From 2006 onwards, the franchisee carried on business as both a franchisee and subtenant of BB Franchising pursuant to a franchise agreement and sublease due to expire July 2016. In 2012 and 2013, the franchise was unprofitable and the franchisee purported to terminate the franchise and sublease by notice to BB Franchising effective December 31, 2013, after which date it argued it had no obligation to pay any royalties or rent.  As a result, BB Franchising purported to terminate the relationship by notice and counterclaimed for damages. While the franchisee asserted various grounds for relief, in the end it focused on whether the franchise agreement was mistakenly signed by BB Distributors, the parent company of BB Franchising, rather than BB Franchising.

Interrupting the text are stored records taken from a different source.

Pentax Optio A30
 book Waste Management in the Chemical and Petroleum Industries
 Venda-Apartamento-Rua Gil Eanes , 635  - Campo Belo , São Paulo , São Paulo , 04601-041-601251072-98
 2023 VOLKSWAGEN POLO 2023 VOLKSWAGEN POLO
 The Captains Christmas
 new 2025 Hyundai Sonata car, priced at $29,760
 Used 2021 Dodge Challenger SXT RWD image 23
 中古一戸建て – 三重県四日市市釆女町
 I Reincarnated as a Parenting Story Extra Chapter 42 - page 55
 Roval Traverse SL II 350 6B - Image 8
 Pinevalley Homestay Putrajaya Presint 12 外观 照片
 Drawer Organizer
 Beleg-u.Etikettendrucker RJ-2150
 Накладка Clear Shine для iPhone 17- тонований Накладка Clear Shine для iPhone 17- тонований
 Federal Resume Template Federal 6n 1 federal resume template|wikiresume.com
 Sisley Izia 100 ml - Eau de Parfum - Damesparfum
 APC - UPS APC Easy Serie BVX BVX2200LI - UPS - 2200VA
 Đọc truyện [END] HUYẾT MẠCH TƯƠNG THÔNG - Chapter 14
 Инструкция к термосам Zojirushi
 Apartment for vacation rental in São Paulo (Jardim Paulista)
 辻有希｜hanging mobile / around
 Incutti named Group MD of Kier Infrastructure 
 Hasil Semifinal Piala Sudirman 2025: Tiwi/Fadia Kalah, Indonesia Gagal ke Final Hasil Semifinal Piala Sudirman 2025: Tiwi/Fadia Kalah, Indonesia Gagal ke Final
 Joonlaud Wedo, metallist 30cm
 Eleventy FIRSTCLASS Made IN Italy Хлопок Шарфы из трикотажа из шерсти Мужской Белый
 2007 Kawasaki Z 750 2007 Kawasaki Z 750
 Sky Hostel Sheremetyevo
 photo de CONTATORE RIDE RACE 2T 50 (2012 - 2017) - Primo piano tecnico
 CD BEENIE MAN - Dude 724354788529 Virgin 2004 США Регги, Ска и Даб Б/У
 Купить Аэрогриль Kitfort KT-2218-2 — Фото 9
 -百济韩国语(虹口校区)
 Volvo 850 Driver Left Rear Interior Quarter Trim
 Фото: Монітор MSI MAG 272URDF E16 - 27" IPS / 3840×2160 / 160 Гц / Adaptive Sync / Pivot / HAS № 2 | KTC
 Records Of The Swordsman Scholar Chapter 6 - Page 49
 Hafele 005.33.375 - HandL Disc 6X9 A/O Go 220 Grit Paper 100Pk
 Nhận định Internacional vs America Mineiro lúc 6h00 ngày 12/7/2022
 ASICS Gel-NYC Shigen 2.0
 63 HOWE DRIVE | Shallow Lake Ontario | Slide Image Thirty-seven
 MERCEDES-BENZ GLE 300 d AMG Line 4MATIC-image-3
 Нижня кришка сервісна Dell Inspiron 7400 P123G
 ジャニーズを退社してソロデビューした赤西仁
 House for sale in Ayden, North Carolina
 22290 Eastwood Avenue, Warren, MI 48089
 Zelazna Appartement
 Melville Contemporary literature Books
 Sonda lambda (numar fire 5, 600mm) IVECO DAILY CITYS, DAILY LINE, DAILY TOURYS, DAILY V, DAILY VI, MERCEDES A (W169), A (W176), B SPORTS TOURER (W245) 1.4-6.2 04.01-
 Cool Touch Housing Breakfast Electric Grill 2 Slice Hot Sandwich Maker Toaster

The franchisee asked the court to declare that there was a mutual mistake made by the parties. As a result of this alleged mutual mistake, the franchisee sought the rectification of the franchise agreement. The franchisee proposed that its agreement should be with 'BB Franchising,' not 'BB Distributors.' The rectification would create a new agreement, and the franchisee's right to rescind the franchise agreement under the Alberta Franchises Act would run from the date of rectification. Despite the creativity of this argument, the Court found no merit to these submissions.

The Court held that there was no mistake and therefore, no need to rectify the franchise agreement.  BB Distributors' signature was simply a typographical error that was only on the signature page and that did not prevent the parties from carrying on business for seven years. It was clear from the evidence of conduct between the parties that the franchisor was BB Franchising. The Court also found that pursuant to section 13 of Alberta's Franchises Act, the franchisees' statutory rescission rights had expired in 2008, two years after entering into the franchise agreement, and therefore the franchisee was not entitled to rescind.

While franchisors ought to be mindful that the correct entities are accounted for as signatories when executing their franchise agreements, this decision supports the notion that courts will be hesitant to order the rectification of a franchise agreement based on a typographical error, especially where there is no evidence, logic or authority suggesting that such an error would lead to the conclusion that the franchise had not been granted to the franchisee. Evidence of the parties' conduct may be enough to demonstrate a franchise relationship and a typographical error should not prevent the parties from carrying on their franchise operation.

Footnote

Hanewich v. Budget Brake & Muffler Franchising Ltd., 2016 ABQB 727.